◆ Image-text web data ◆

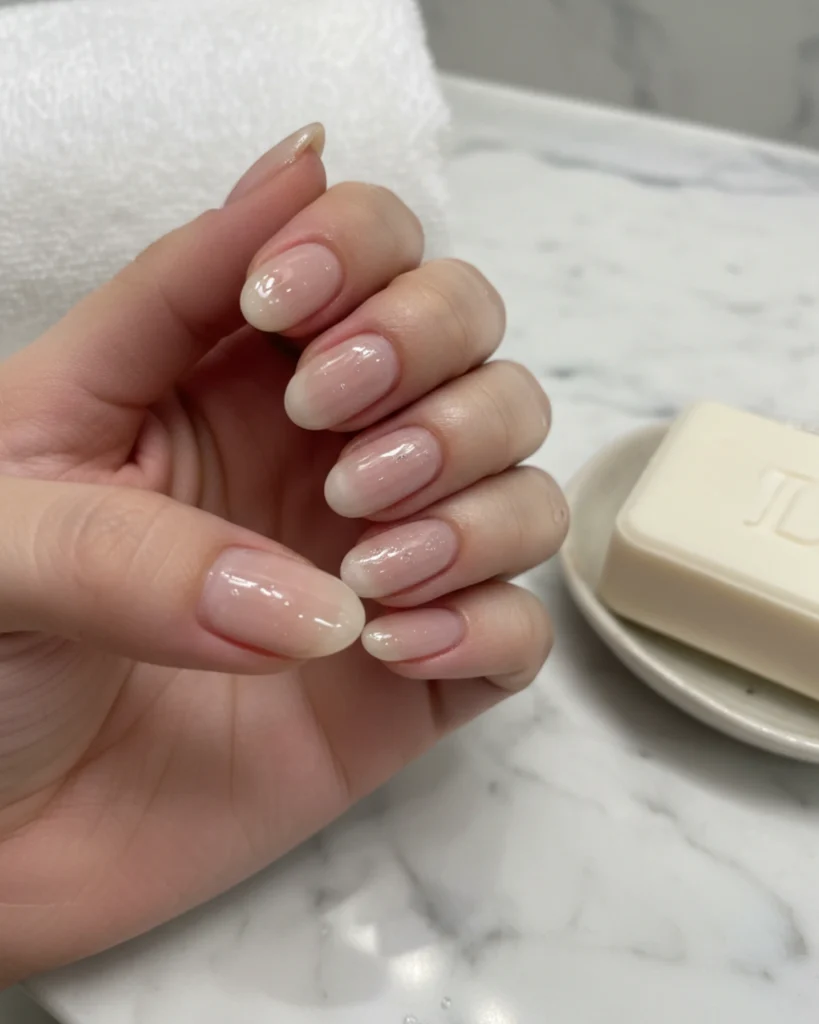 A close-up of a hand with perfectly groomed, glossy nails in a sheer pinkish tint, representing the clean 'soap nails' trend, with a bar of soap in the background.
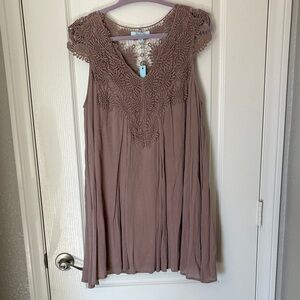 She and Sky Taupe Lace Mini Dress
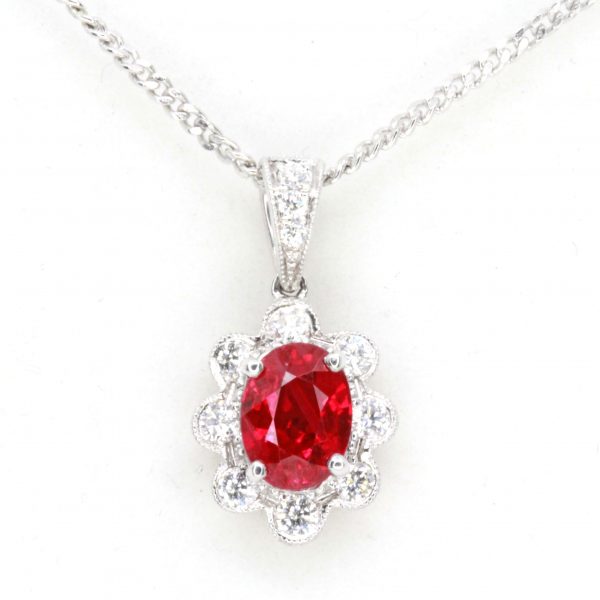 Oval Ruby Pendant with Diamonds set in 18ct White Gold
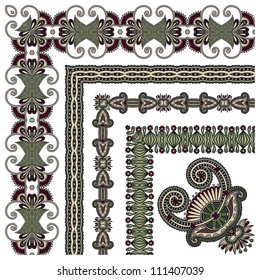 floral vintage frame design. Vector set. All components are easy editable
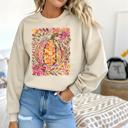  Fall Floral Boho Pumpkin - Hand Painted Autumn Crew Neck Sweatshirt, Colorful Retro Pumpkin Shirt, Cozy Fall Fashion Top, Thanksgiving Gift
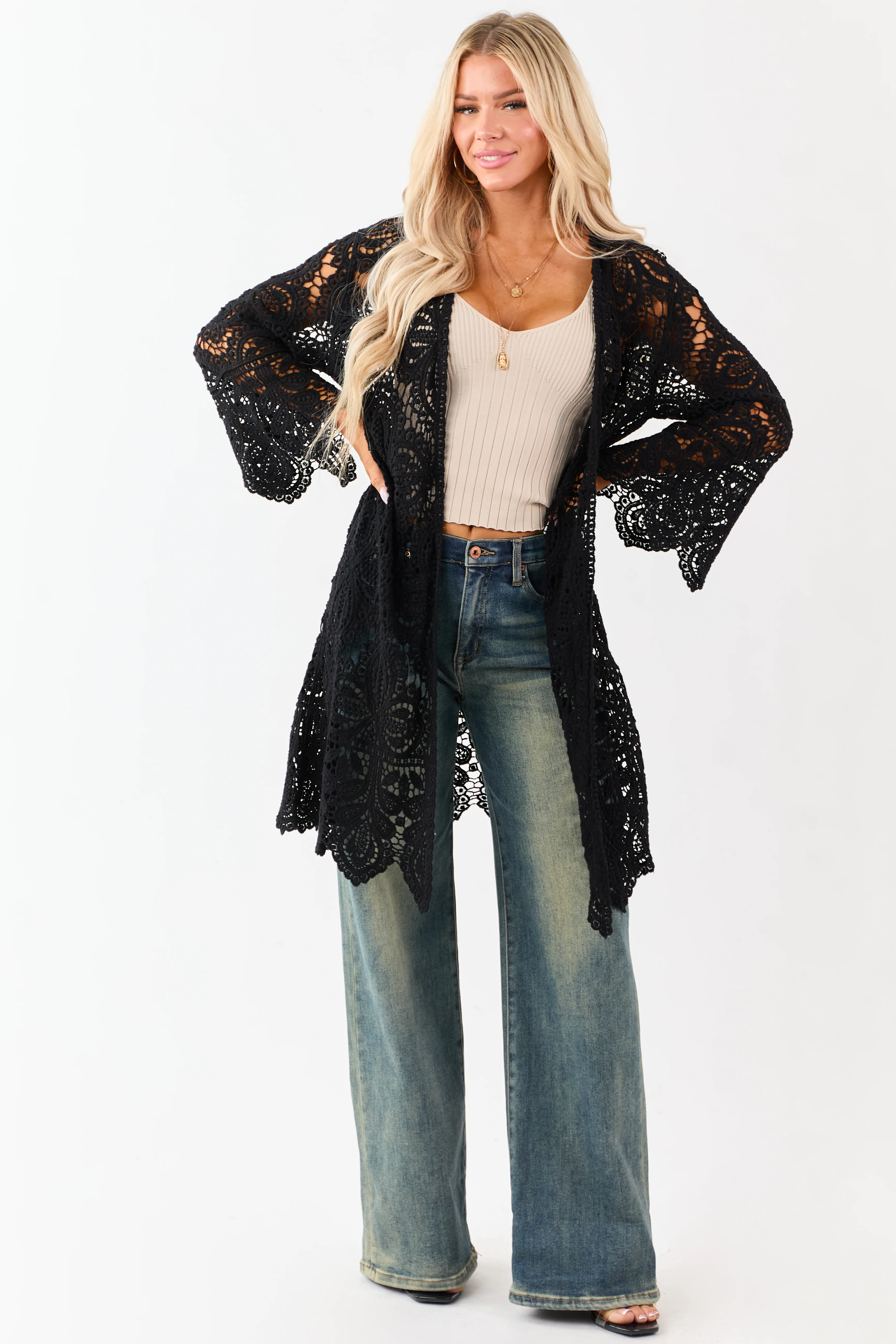Black Open Crochet Bell Sleeve Cotton Duster Cardigan - Image 4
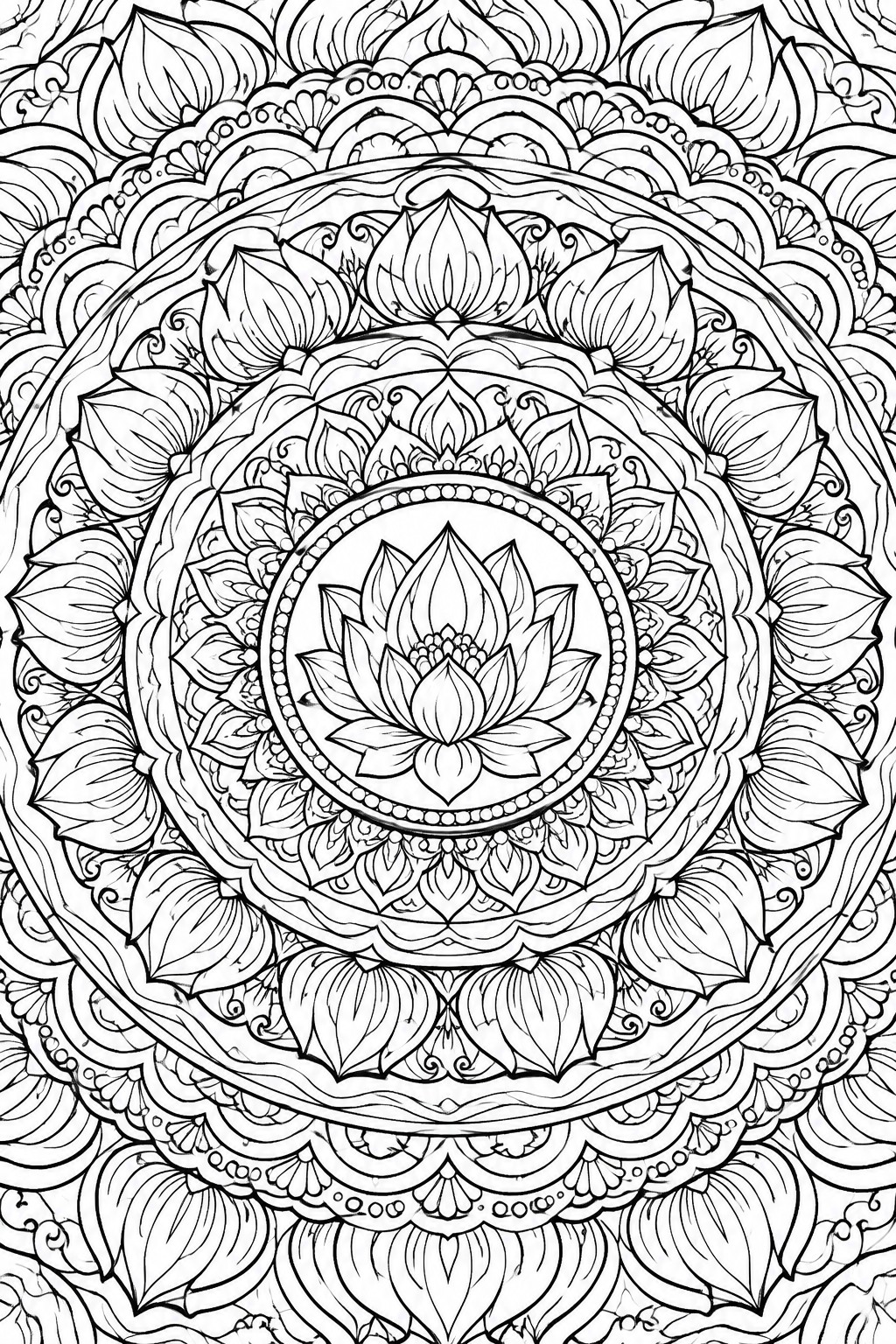 Intricate black-and-white mandala with concentric lotus flowers and floral patterns.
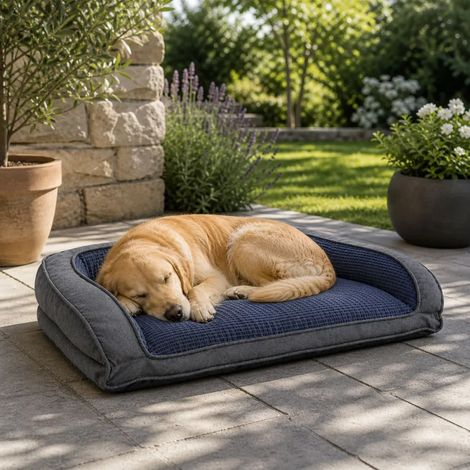 Coussin soft antidérapant pour chien - 90x63x19cm Bleu (1/5)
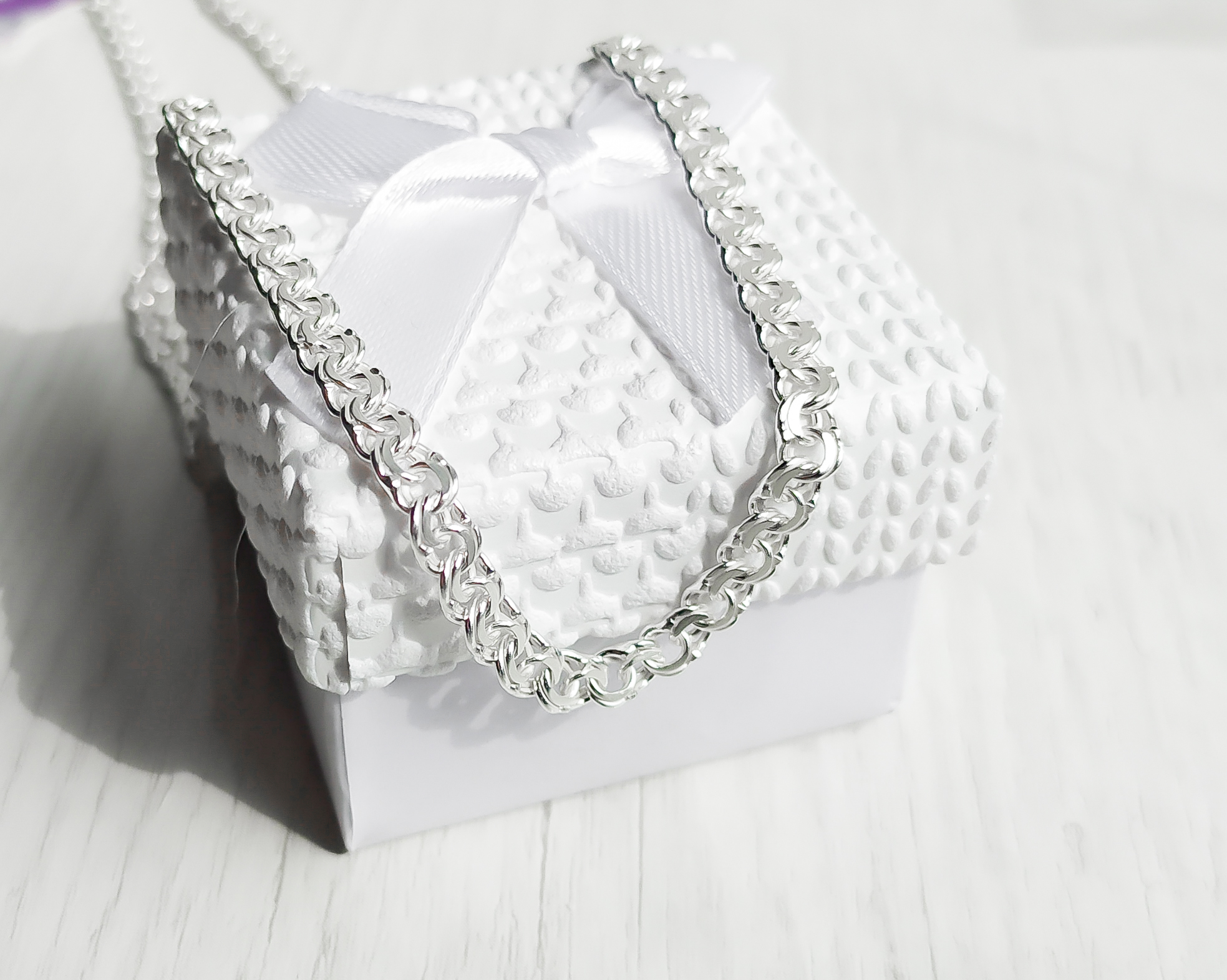 

Цепь из серебра Meridian 925 пробы Плоский-плоский бисмарк 55 размер средний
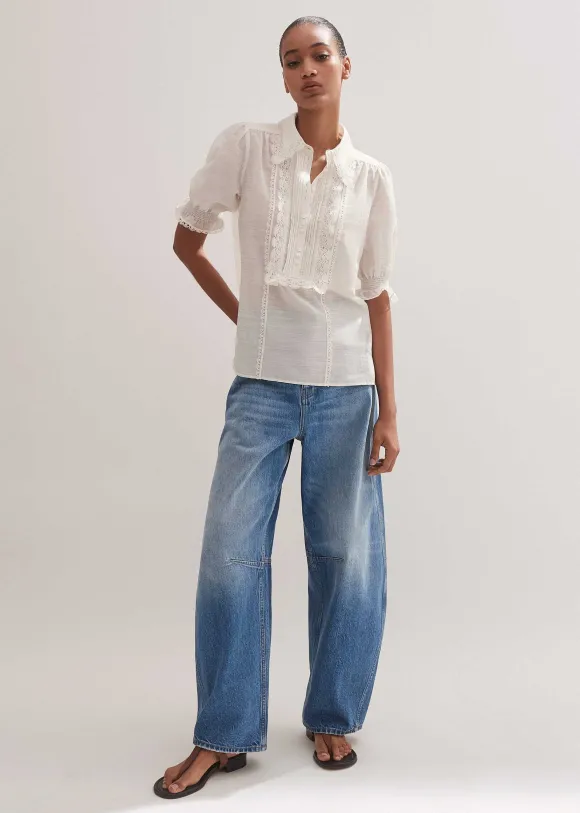 Silk Cotton Lace Trim Blouse
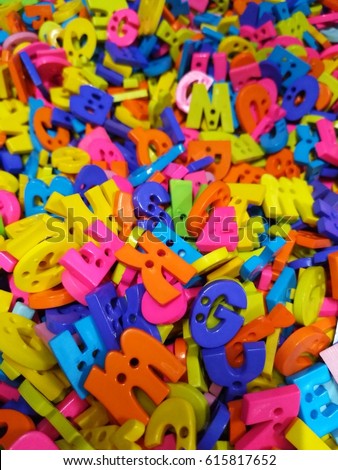 Colorful English letters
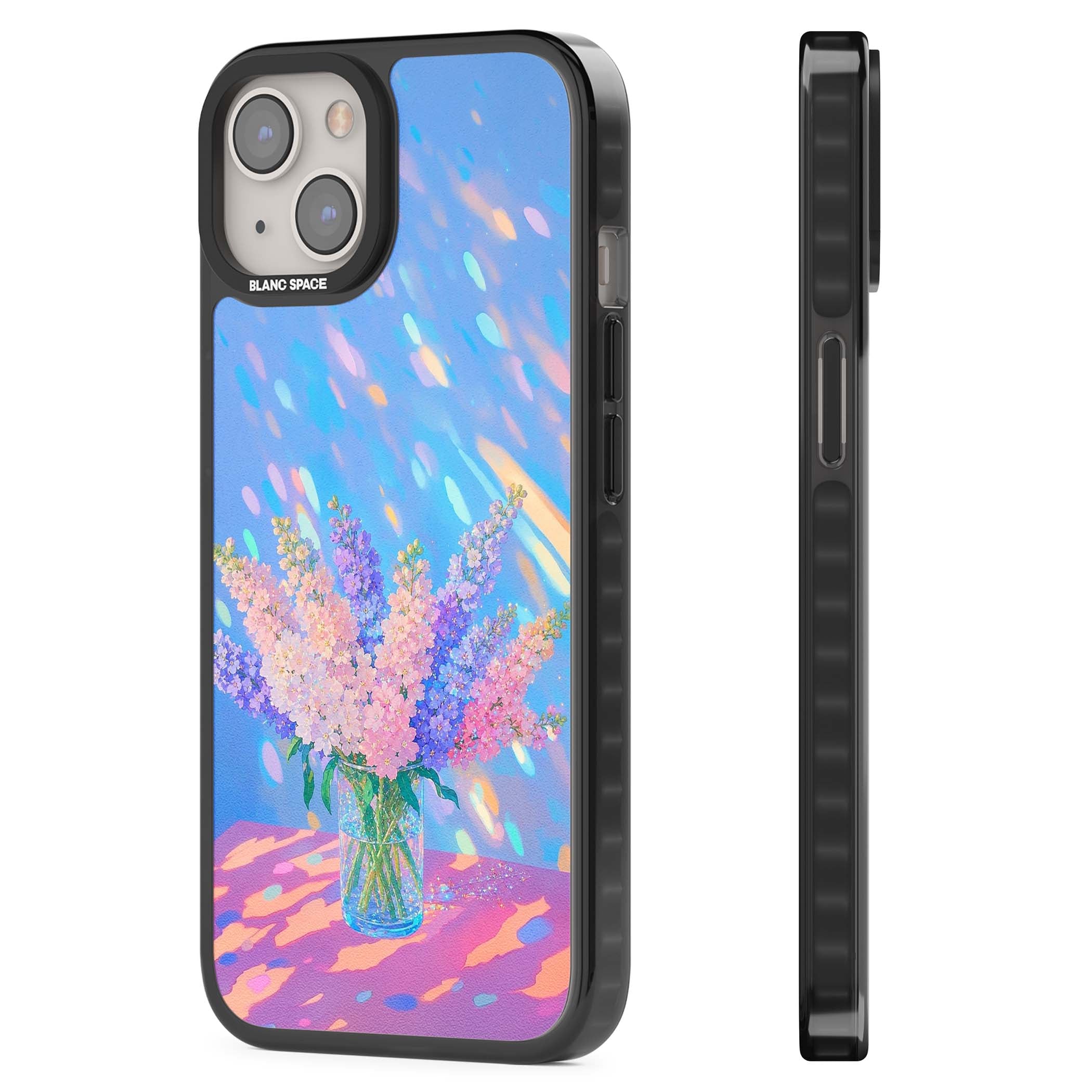 Bubblegum Flowers floral iPhone case featuring pastel lilac and pink bouquet in a glass vase with iridescent light | Black Impact case for iPhone 13, iPhone 14, iPhone 15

◆ EXERCISE ◆
Start at the first line and set down all of the data exactly, passing over the pictures.

◆ ANSWER ◆
 A close-up of a hand with perfectly groomed, glossy nails in a sheer pinkish tint, representing the clean 'soap nails' trend, with a bar of soap in the background.
 She and Sky Taupe Lace Mini Dress
 Oval Ruby Pendant with Diamonds set in 18ct White Gold
 floral vintage frame design. Vector set. All components are easy editable
  Fall Floral Boho Pumpkin - Hand Painted Autumn Crew Neck Sweatshirt, Colorful Retro Pumpkin Shirt, Cozy Fall Fashion Top, Thanksgiving Gift
Black Open Crochet Bell Sleeve Cotton Duster Cardigan - Image 4
 Intricate black-and-white mandala with concentric lotus flowers and floral patterns.
 Coussin soft antidérapant pour chien - 90x63x19cm Bleu (1/5)

Цепь из серебра Meridian 925 пробы Плоский-плоский бисмарк 55 размер средний
 Silk Cotton Lace Trim Blouse
 Colorful English letters
 Bubblegum Flowers floral iPhone case featuring pastel lilac and pink bouquet in a glass vase with iridescent light | Black Impact case for iPhone 13, iPhone 14, iPhone 15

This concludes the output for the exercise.